• _Instructions to follow_
Your answer is the lines below, exactly, from the one that contains "Female Vulcanized Shoes" through the one that contains "American Sweetheart Blouse", both included.
*** Opening Provided information ***
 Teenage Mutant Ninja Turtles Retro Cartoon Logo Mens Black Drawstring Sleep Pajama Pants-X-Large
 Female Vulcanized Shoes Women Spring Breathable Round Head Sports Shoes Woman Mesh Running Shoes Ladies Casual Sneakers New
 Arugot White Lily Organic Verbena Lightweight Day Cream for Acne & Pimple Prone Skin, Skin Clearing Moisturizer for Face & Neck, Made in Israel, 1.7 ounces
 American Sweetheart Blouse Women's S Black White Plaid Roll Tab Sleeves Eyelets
*** Closing Provided information ***
*** Opening Provided information ***
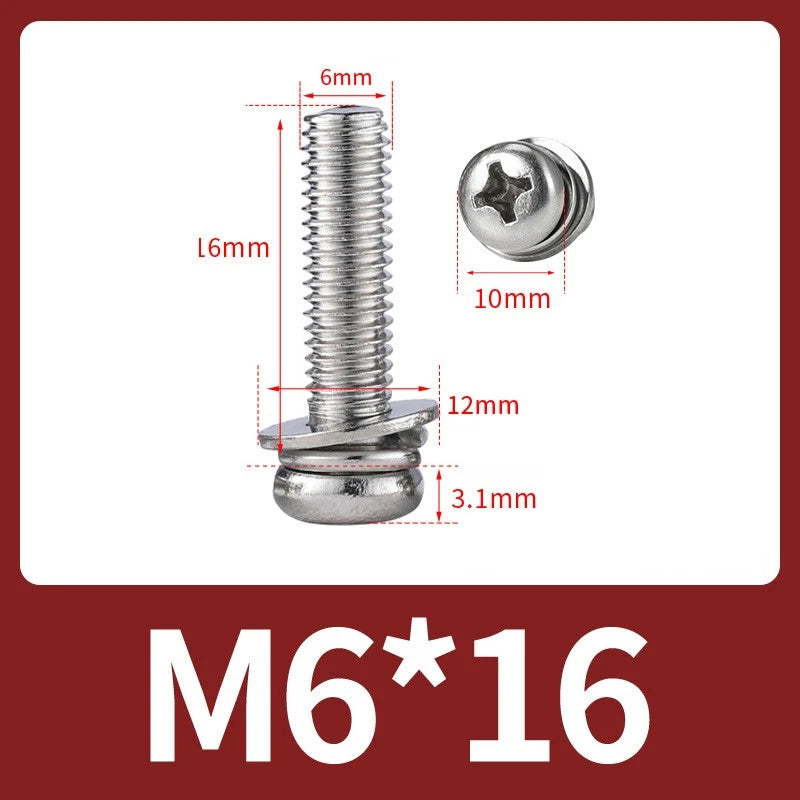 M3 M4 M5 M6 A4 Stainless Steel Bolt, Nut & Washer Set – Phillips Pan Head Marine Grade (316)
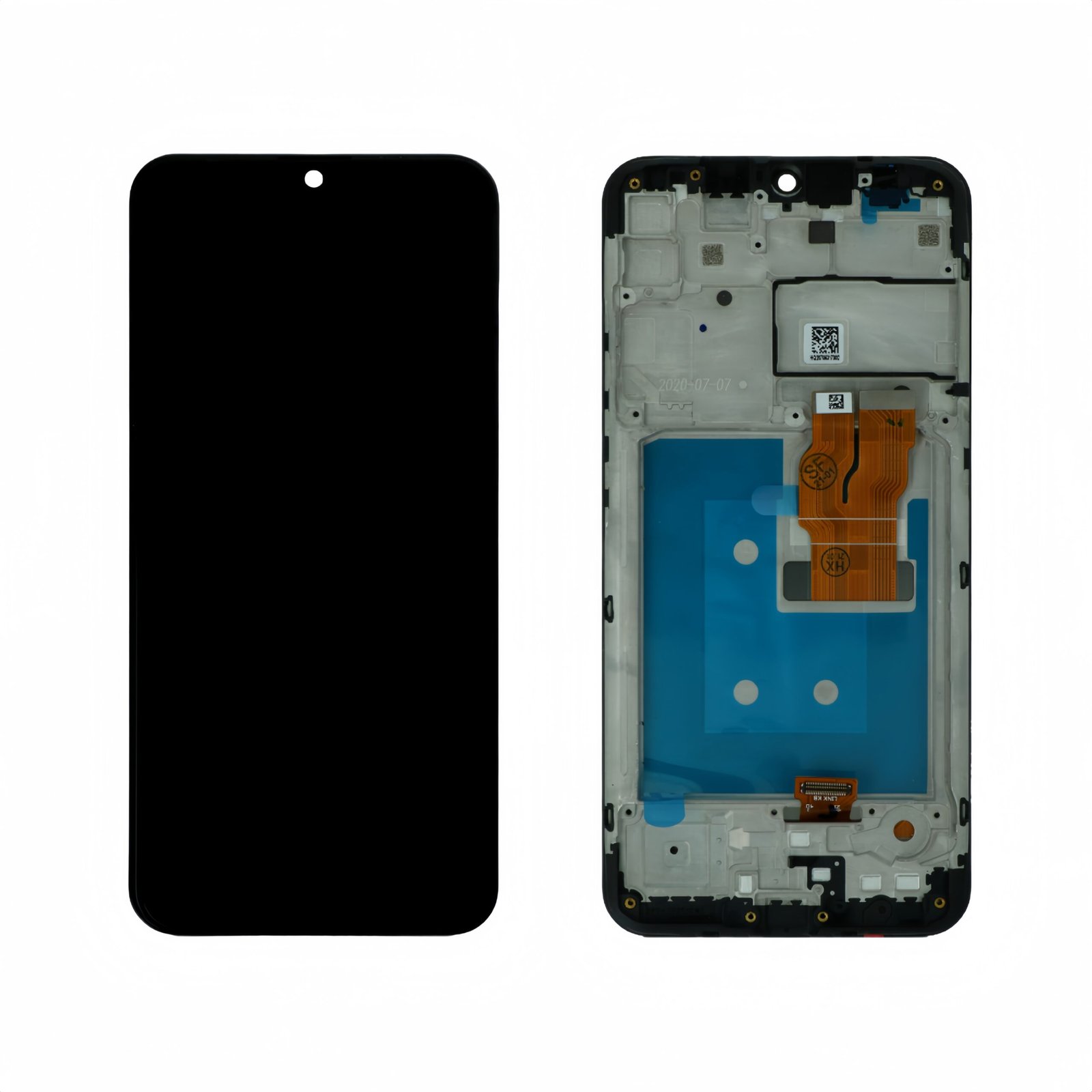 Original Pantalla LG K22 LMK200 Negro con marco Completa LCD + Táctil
*** Closing Provided information ***
• _Response_
 Female Vulcanized Shoes Women Spring Breathable Round Head Sports Shoes Woman Mesh Running Shoes Ladies Casual Sneakers New
 Arugot White Lily Organic Verbena Lightweight Day Cream for Acne & Pimple Prone Skin, Skin Clearing Moisturizer for Face & Neck, Made in Israel, 1.7 ounces
 American Sweetheart Blouse Women's S Black White Plaid Roll Tab Sleeves Eyelets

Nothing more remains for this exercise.